Market Segmentation in 3 Steps
Market segmentation research can be very complex – keep a simple perspective.
Conducting a thorough market segmentation project involves many elements as well as much mental, spiritual and procedural effort. A segmentation study can be done for many different business purposes:
- identify new market opportunities
- develop new products
- create better products
- clarify positioning
- communicate more clearly and cogently
- a stimulus to new ideas and business concepts
Don’t get confused by these different goals. Treat them like you would treat an app on an iPhone. An iPhone app applies the iPhone’s computing capabilities to a particular purpose. Goals focus segmentation process power on a particular organization touch point to obtain defined business outcomes. Market segmentation research can affect an organization at many different touch points, each point leads to its own kind of meaningful results. A specific business situation provides context and content. Segmentation research provides tools for processing content to improve the context.

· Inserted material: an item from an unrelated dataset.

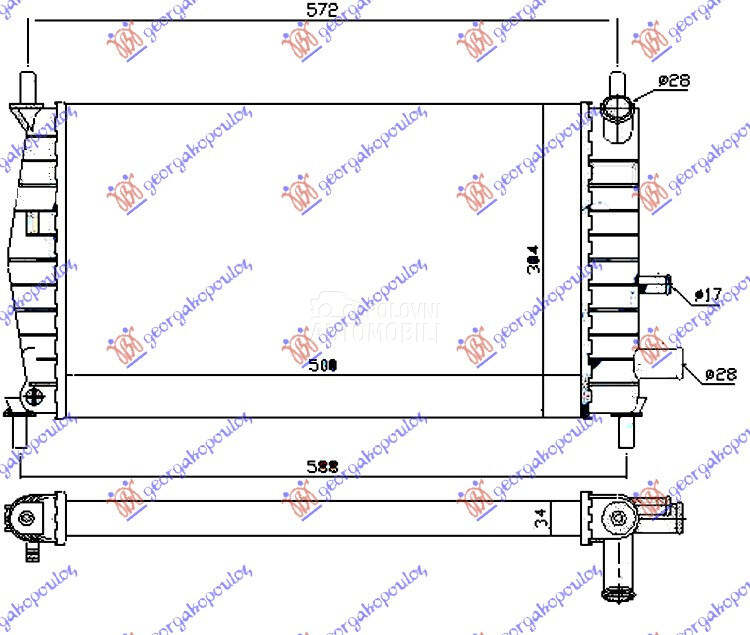 HLADNJAK MOTORA 1.1/1.3CC (... za Ford Fiesta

Confused? Regardless of the particular “app” you find yourself in, you can become oriented by the fact that segmentation always involves 3 steps.
The first step in market segmentation involves selecting characteristics that might be important in defining marketplace differences. What are these characteristics and where do they come from? They come from observation and imagination… characteristics can be just about anything observable or even NOT! Observable characteristics are directly visible differences in products or services, price levels, demographics, consumption behavior, as well as communication and distribution channels. Some characteristic cannot directly seen or heard including attitudes, beliefs, personality, or other so-called latent traits. (Even though there are times I can see such things in people, especially in expressives, precise definition and measurement is required. “who-ah” is insufficient for segmentation.)

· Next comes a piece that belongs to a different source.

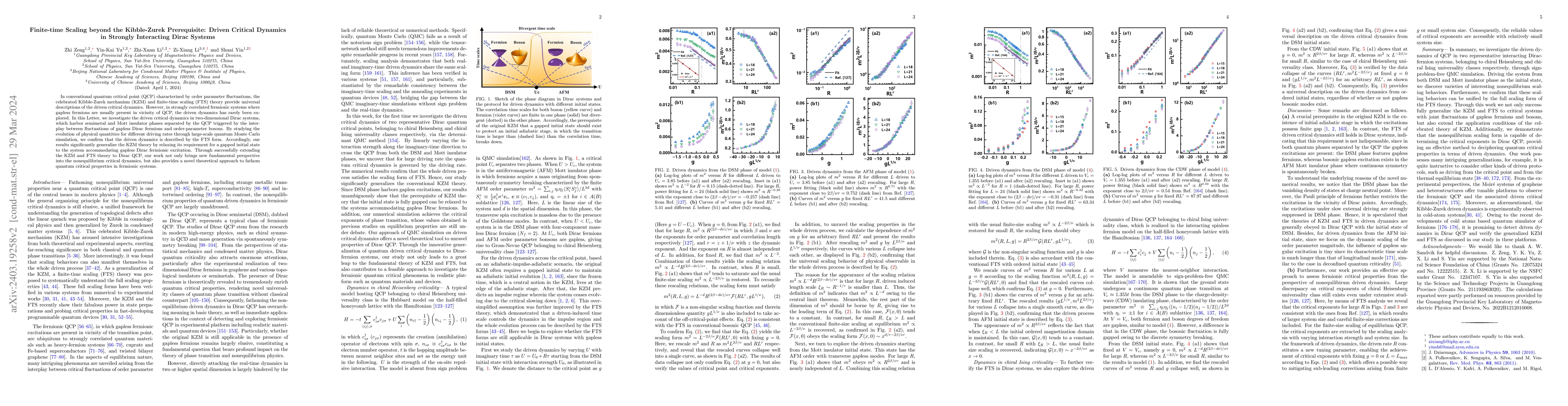 Thumbnail for Finite-time Scaling beyond the Kibble-Zurek Prerequisite: Driven
  Critical Dynamics in Strongly Interacting Dirac Systems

It can be really hard and take a long time to come up with what one believes is a good set of characteristics. The main idea is that one needs to come up with a set of characteristics that have a reasonable likelihood to identify important marketplace differences. If one comes up with too many independent or detailed characteristics it will be hard to find groups of respondents who give similar answers across the characteristics. On the other hand, if the characteristics are all highly correlated and too coarse then there won’t be much variety from which to glean meaningful segments.
Step two in market segmentation involves sorting the marketplace on your set of selected characteristics. To do this we typically take some kind of measurement and then sort the measurements using a statistical method to create groups of items. A successful outcome is when items are placed into collections of similar items which are also separated from other collections of different items. There are lots and lots of different techniques. For measurement there are yard-sticks, surveys, transaction data bases, click streams, phone interviews and so forth. Statistical methods for sorting and grouping include:
- cluster analysis
- factor analysis
- interaction detection (e.g. CHAID, CART, etc.)
- latent class analysis
- perceptual mapping
- … and many others
Discovering meaning, the third step in a market segmentation study, might be the most misunderstood aspect of market segmentation research. The first two steps produce a somewhat guaranteed output: items grouped in some way. That way might or might not be meaningful, useful, or a complete answer. Said differently market segmentation analyses do not result in mathematical tautologies (http://en.wikipedia.org/wiki/Tautology_(logic) ) Rather, a variety of outcomes can be obtained depending on the particular set of characteristics, measurements, and statistical algorithms used.
This means there are a number of possible segment solutions and interpretations hidden within any particular segmentation study’s data. One can “look at” the data multiple ways and obtain a different answer each time. Therefore, the final task in segmentation becomes one of discovering the most meaningful solution.
In essence, with market segmentation one creates a collection of maps that reveal different “buyer routes”. Then one chooses the most relevant and meaningful route. There is no one, correct answer in a market segmentation study. Still, there is no need for confusion. At the end, there is but one destination, and that is to increase sales and improve business performance. If the project transforms your thinking from concerns about sales routes to insights on buyer routes then you have a successful market segmentation project.